══ COLLECTED MATERIAL ══

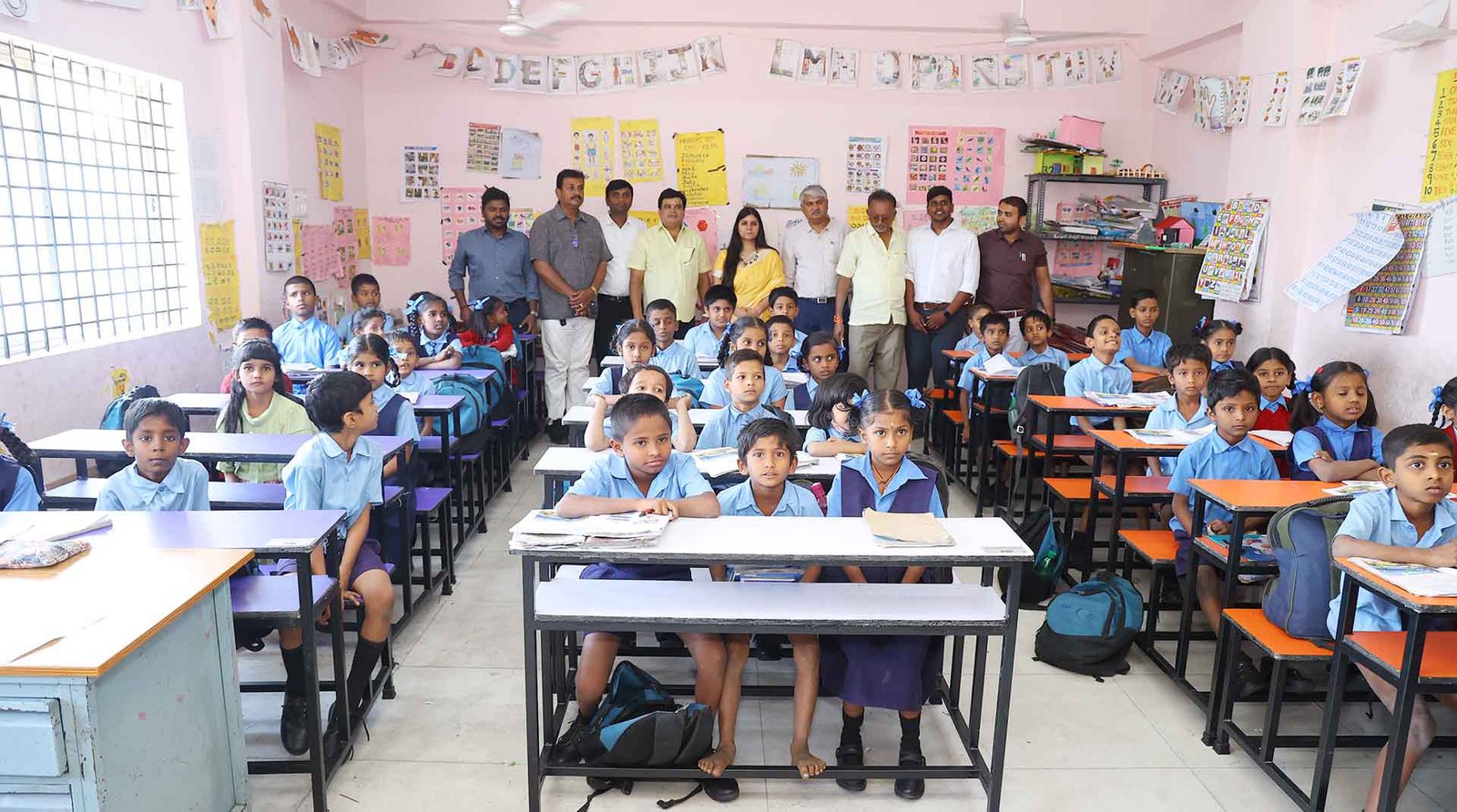 ITC Upkriti CSR Recycling Plastic
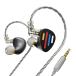 Hifi Kingdom ND-X12 hybrid type (1DD+5BA) проводной in year монитор Black No Mic
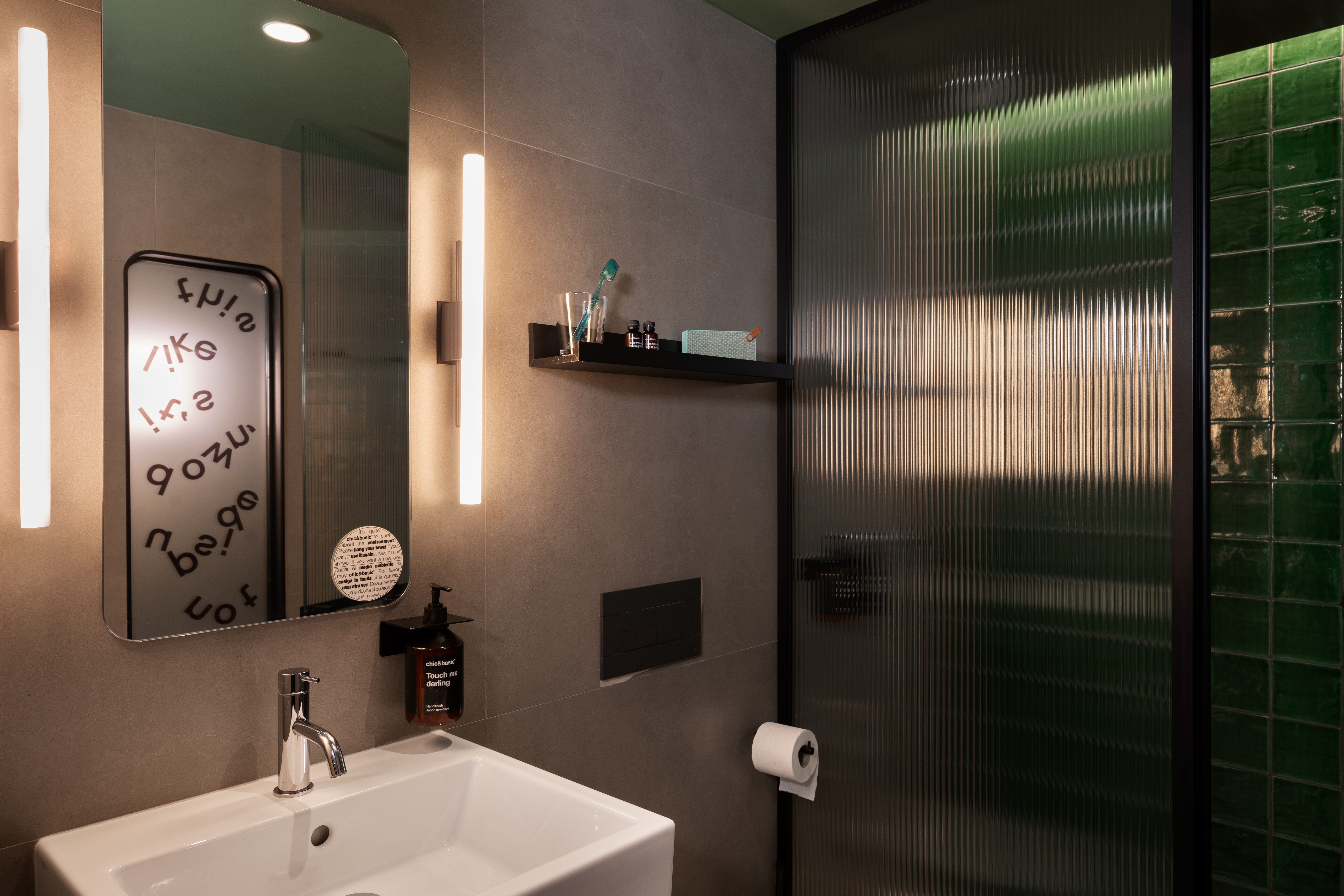 Double or Twin Garden View with Balcony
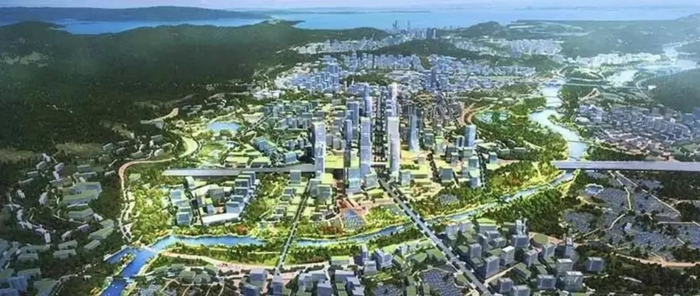 ▲图片来源：深汕特别合作区官网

═══

Once the pictures are set aside, repeat the data above exactly as written.

*TASK ANSWER*
 ITC Upkriti CSR Recycling Plastic
 Hifi Kingdom ND-X12 hybrid type (1DD+5BA) проводной in year монитор Black No Mic
 Double or Twin Garden View with Balcony
 ▲图片来源：深汕特别合作区官网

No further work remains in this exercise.